The Solicitors Regulation Authority found at least 26 client files where Proctor & Hobbs Limited had charged 35% from the recovered damages, in contravention of the rules on damages based agreements which state that a maximum of 25% can be charged.

All the clients were personal injury victims who had been involved in road traffic accidents.

Following the SRA investigation, the Bradford-based firm obtained independent advice which clarified it had not been entitled to deduct 35% from damages. It refunded any deductions over 25% and paid £100 compensation to each client involved.

The SRA found that Proctor & Hobbs had failed to uphold public trust and confidence in the profession. It had full responsibility for its conduct and had placed clients in disadvantageous positions. 

Cash

The firm charged 35% on at least 26 client files when DBA regulations limit deductions to 25%

Source: iStock

The SRA said its sanction had to provide a ‘credible deterrent’ to the firm and others and maintain public confidence in the profession. The firm was fined £10,730, which amounted to 2.8% of its annual domestic turnover. Credit was given for the firm’s swift and decisive action once the issue had been identified.

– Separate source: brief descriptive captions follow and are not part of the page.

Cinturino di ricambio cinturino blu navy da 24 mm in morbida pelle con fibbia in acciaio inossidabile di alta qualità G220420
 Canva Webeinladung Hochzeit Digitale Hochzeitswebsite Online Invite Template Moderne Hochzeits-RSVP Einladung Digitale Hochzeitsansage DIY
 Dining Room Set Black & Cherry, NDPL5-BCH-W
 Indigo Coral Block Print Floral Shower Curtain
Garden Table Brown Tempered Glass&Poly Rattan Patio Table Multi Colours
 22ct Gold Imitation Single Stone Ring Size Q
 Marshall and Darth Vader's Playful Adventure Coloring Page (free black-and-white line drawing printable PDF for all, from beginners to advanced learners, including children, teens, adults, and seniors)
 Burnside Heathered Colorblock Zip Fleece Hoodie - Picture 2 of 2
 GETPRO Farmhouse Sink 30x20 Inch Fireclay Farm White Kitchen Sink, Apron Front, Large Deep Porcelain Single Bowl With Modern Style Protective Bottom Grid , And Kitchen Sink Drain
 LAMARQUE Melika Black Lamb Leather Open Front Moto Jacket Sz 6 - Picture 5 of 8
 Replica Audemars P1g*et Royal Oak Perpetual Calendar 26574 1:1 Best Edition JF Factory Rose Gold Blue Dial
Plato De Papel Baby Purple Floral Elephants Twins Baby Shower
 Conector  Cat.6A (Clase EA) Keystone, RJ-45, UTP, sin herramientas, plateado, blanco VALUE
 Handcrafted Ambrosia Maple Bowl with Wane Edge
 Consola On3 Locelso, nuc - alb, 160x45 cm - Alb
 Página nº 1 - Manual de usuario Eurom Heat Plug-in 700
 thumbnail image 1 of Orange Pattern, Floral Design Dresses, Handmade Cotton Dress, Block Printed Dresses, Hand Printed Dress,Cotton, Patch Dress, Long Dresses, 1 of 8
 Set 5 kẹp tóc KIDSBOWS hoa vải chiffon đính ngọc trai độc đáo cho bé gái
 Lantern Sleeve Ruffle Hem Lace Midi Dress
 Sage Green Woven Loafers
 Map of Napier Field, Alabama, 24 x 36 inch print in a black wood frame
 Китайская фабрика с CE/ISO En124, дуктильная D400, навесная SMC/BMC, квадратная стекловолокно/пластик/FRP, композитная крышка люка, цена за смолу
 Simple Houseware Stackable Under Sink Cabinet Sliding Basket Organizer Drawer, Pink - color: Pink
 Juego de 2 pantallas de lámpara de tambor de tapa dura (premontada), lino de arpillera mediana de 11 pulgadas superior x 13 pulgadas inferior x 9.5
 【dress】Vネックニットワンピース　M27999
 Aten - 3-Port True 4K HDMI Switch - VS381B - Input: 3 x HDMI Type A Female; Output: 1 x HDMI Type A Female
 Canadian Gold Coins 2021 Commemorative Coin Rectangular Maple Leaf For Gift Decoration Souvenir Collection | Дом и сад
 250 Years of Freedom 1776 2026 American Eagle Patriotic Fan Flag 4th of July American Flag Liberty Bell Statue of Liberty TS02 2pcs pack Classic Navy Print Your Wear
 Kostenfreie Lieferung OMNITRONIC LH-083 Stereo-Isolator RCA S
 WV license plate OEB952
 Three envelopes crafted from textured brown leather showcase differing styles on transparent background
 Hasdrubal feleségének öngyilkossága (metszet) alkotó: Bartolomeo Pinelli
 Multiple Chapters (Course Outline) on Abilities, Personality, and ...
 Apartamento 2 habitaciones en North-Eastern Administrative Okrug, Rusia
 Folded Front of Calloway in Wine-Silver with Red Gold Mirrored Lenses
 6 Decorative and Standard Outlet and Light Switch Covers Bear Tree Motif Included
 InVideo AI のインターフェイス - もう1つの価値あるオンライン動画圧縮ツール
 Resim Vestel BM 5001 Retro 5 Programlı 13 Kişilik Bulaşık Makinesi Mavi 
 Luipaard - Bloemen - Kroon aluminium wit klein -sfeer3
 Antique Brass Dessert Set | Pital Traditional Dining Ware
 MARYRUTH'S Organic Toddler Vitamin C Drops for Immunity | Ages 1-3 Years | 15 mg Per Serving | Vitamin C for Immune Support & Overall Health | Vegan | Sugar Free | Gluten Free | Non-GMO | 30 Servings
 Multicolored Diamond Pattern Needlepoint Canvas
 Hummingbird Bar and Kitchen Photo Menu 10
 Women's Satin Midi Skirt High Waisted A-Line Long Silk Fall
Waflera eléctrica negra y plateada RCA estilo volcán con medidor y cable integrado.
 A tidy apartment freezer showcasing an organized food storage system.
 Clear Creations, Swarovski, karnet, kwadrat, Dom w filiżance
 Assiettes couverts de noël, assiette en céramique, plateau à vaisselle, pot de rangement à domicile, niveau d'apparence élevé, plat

Proctor & Hobbs calls itself the ‘people’s firm’ and states on its website that many of its legal fees are discounted based on the client’s personal and financial situation. It claims to have plans to open offices in Marble Arch, London and Islamabad in Pakistan within the next 18 months.

Damages-based agreement regulations state that in claims arising from RTAs on or after 31 March 2021 where the amount claimed for injuries is not more than £5,000, a maximum of 25% of damages can be deducted by a firm for its fees.